● Exercise inputs
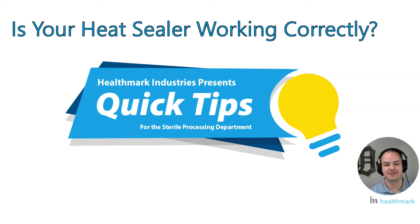Hey everyone, Kevin Anderson here with Healthmark Industries. Looking forward to getting into another quick tips video for you. This one's going to be all about whether or not your heat sealer is working correctly — how would you know if it's working correctly, what can you do about it, and how do you institute a quality process around it?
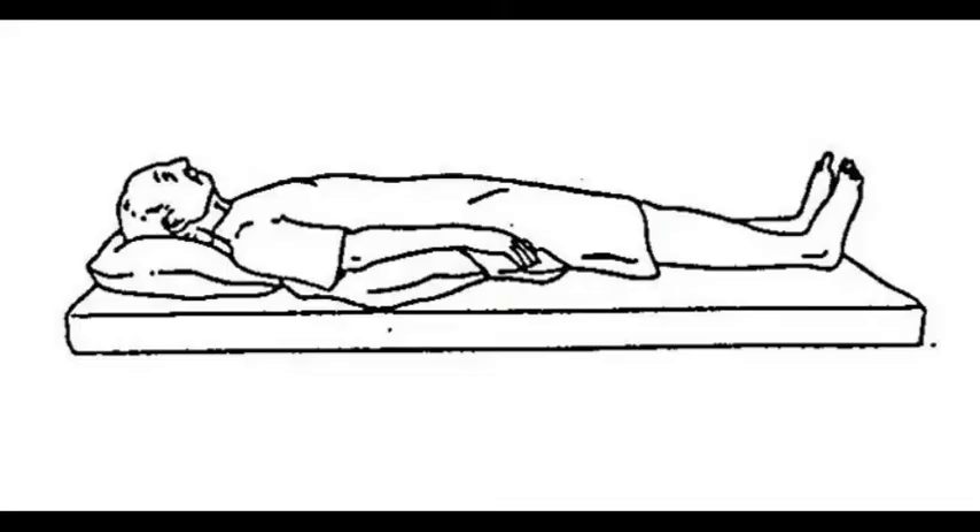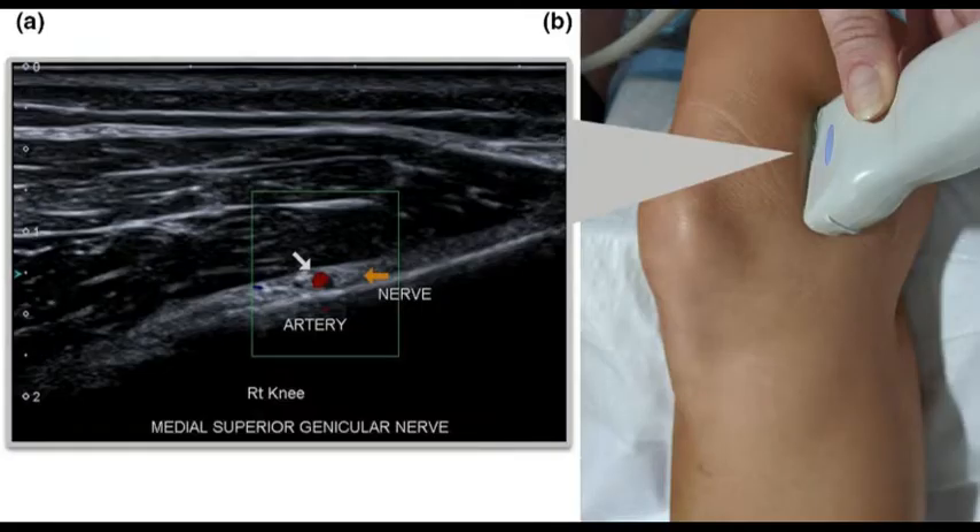For patient positioning, the patient is placed in the supine position. The ultrasound landmarks are the osteomuscullar planes at the level of the metaphysis. Additional landmarks are the corresponding genicular arteries, which follow the same path as the nerves, and the collateral ligaments.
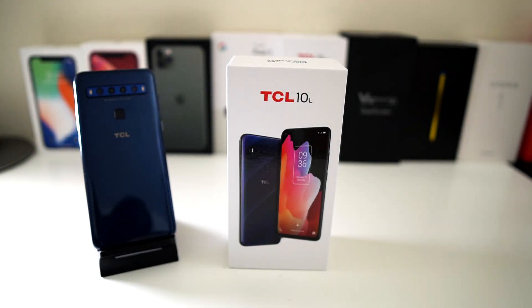Hey, what's going on everybody? This is Alan and Anthony from Phone Check at Work, and this is my final review of the TCL 10 L. Let's start the video and show you what I'm talking about.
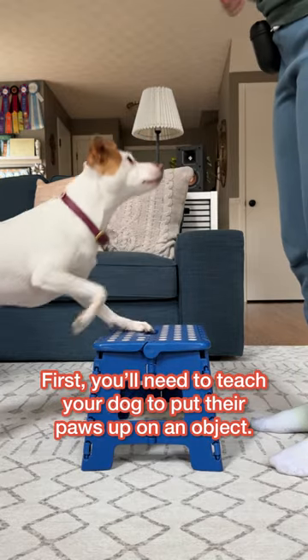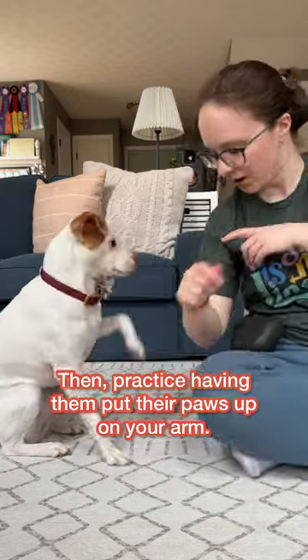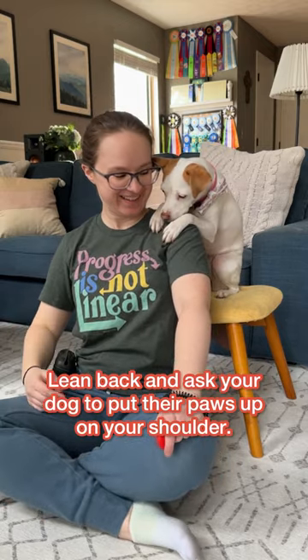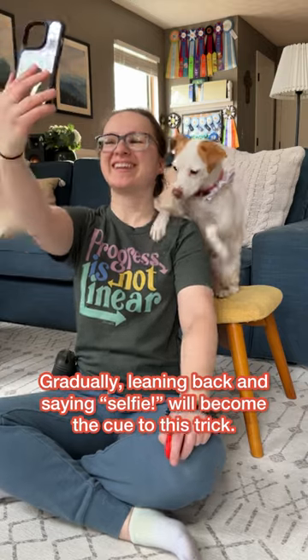First, you'll need to teach your dog to put their paws up on an object, then practice having them put their paws up on your arm. Lean back and ask your dog to put their paws up on your shoulder. Gradually leaning back and saying 'selfie' will become the cue to this trick.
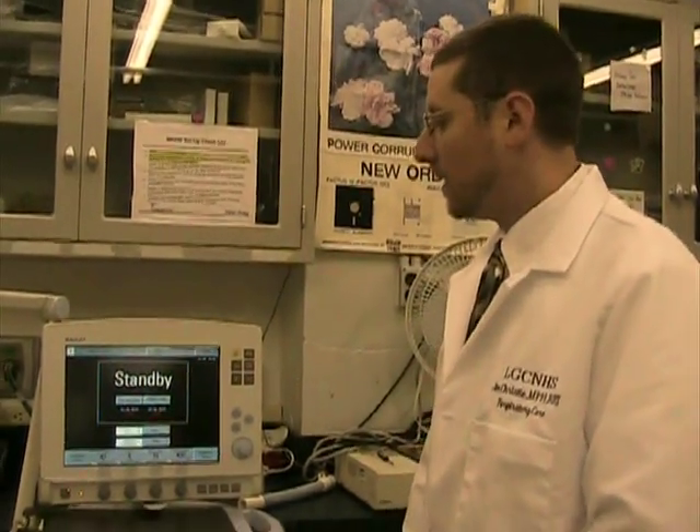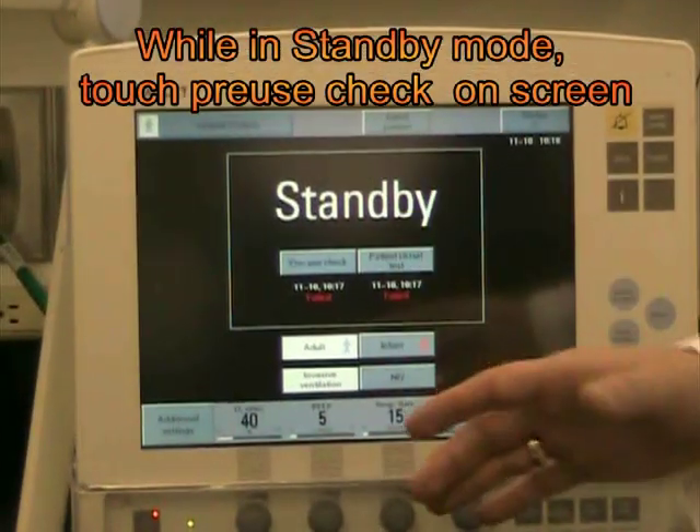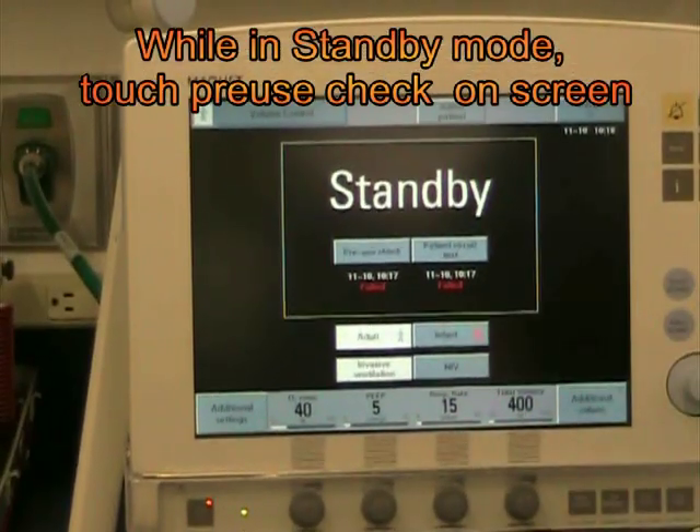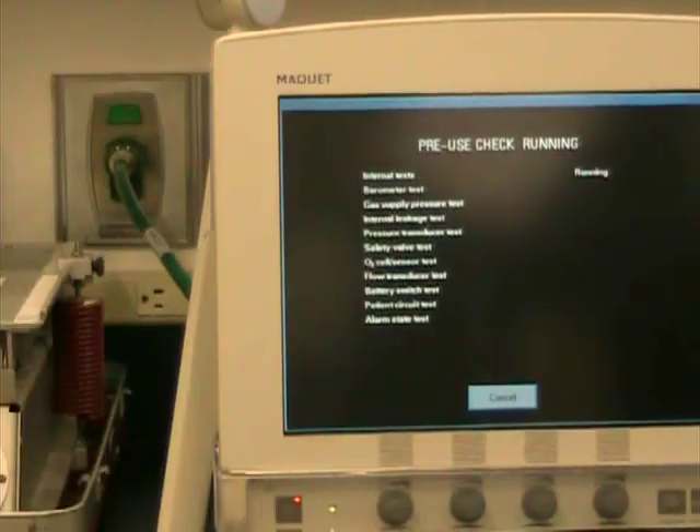This video is going to instruct you with a pre-use check of the Servo Live Ventilator. We'll begin by touching the pre-use check button. Most of the test will conduct on its own and it will ask you to do certain things throughout. We'll start with the pre-use check button and it kicks right into the test.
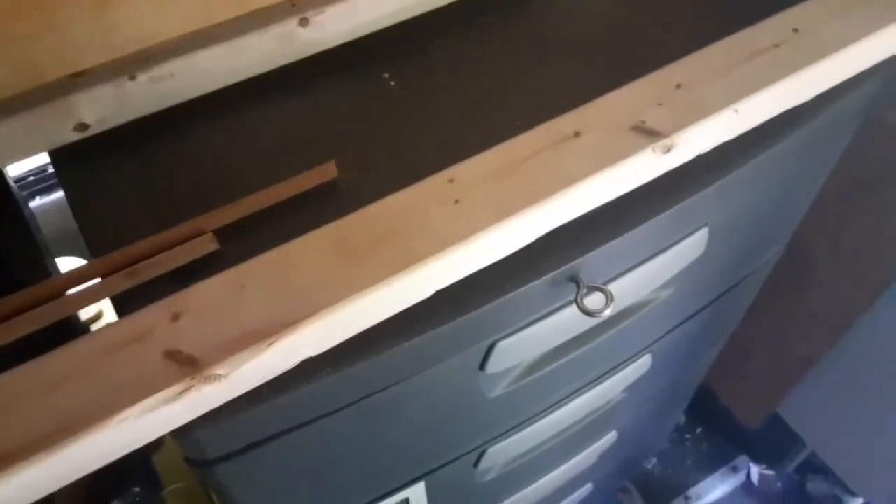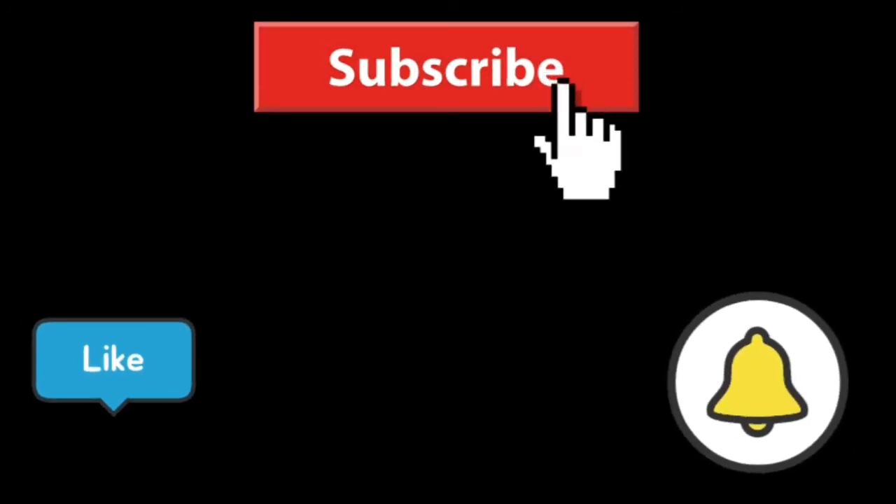Hope you liked the video! Until next time, bye. Hit the subscribe button and the bell notification if you like our videos, and as always, thanks for watching.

● Work required
Could you output the entire listing verbatim while omitting its pictures?

● Output below
Hey everyone, Kevin Anderson here with Healthmark Industries. Looking forward to getting into another quick tips video for you. This one's going to be all about whether or not your heat sealer is working correctly — how would you know if it's working correctly, what can you do about it, and how do you institute a quality process around it?
For patient positioning, the patient is placed in the supine position. The ultrasound landmarks are the osteomuscullar planes at the level of the metaphysis. Additional landmarks are the corresponding genicular arteries, which follow the same path as the nerves, and the collateral ligaments.
Hey, what's going on everybody? This is Alan and Anthony from Phone Check at Work, and this is my final review of the TCL 10 L. Let's start the video and show you what I'm talking about.
First, you'll need to teach your dog to put their paws up on an object, then practice having them put their paws up on your arm. Lean back and ask your dog to put their paws up on your shoulder. Gradually leaning back and saying 'selfie' will become the cue to this trick.
This video is going to instruct you with a pre-use check of the Servo Live Ventilator. We'll begin by touching the pre-use check button. Most of the test will conduct on its own and it will ask you to do certain things throughout. We'll start with the pre-use check button and it kicks right into the test.
Hope you liked the video! Until next time, bye. Hit the subscribe button and the bell notification if you like our videos, and as always, thanks for watching.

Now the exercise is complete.